#### Image-caption web data

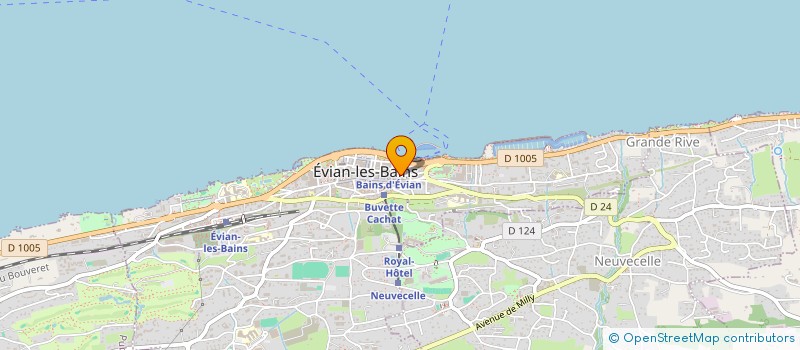 localisation de l'entreprise CUTAJAR - FALZON  EVIAN-LES-BAINS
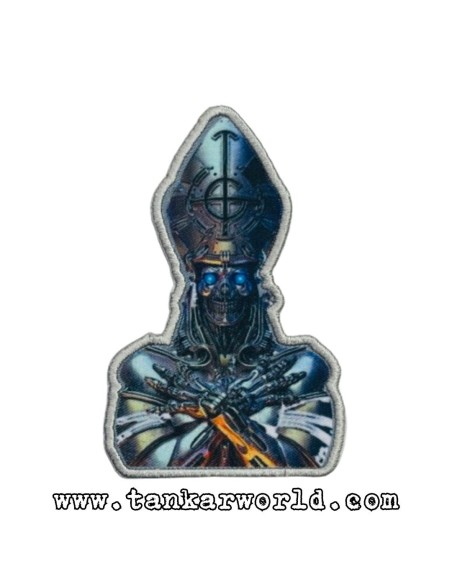 Parche Ghost - Phantomime - Papa - 10,5 x 7 cm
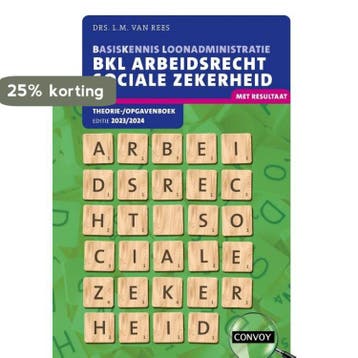 2023/2024 / BKL Arbeidsrecht sociale zekerheid /, Verzenden, Zo goed als nieuw, L.M. van Rees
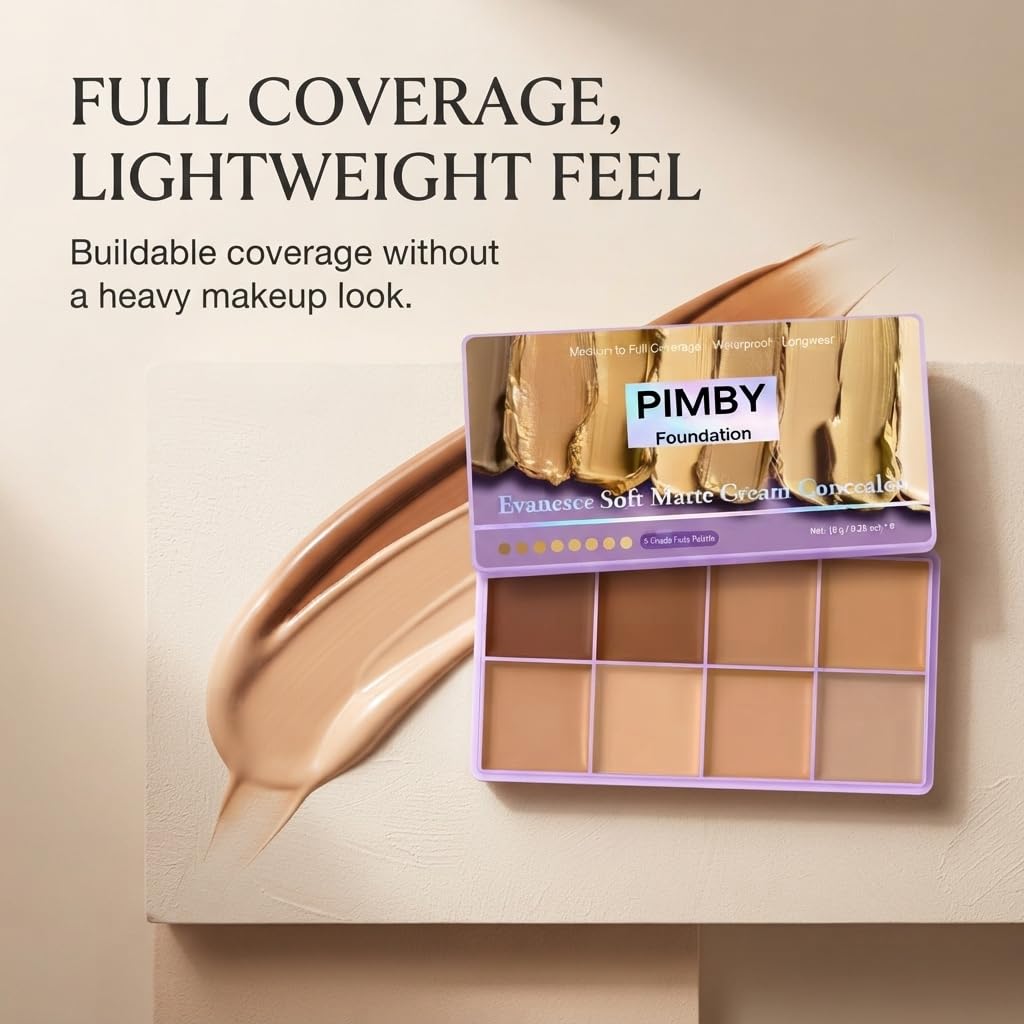 Pimby Foundation open tube revealing creamy texture for smooth blending benefit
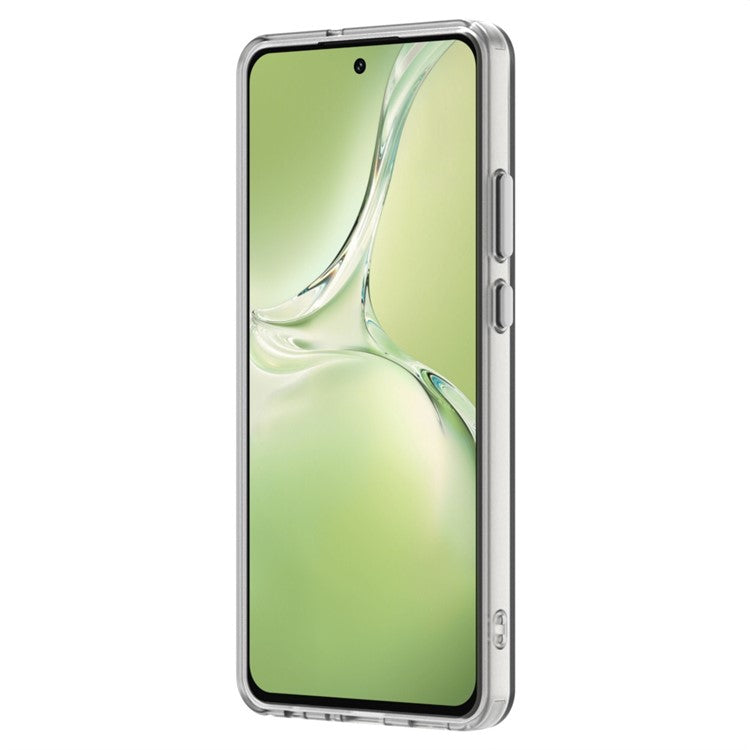 Candy Series For OnePlus Nord CE4 Lite 5G / Oppo K12x 5G (China) Case Compatible with MagSafe PC+TPU+PET Anti-Drop Phone Cover - White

#### Work request
From the line containing "Parche Ghost - Phantomime" through the end of the entries, quote each line exactly and nothing else, excluding all pictures.

#### Exercise response
 Parche Ghost - Phantomime - Papa - 10,5 x 7 cm
 2023/2024 / BKL Arbeidsrecht sociale zekerheid /, Verzenden, Zo goed als nieuw, L.M. van Rees
 Pimby Foundation open tube revealing creamy texture for smooth blending benefit
 Candy Series For OnePlus Nord CE4 Lite 5G / Oppo K12x 5G (China) Case Compatible with MagSafe PC+TPU+PET Anti-Drop Phone Cover - White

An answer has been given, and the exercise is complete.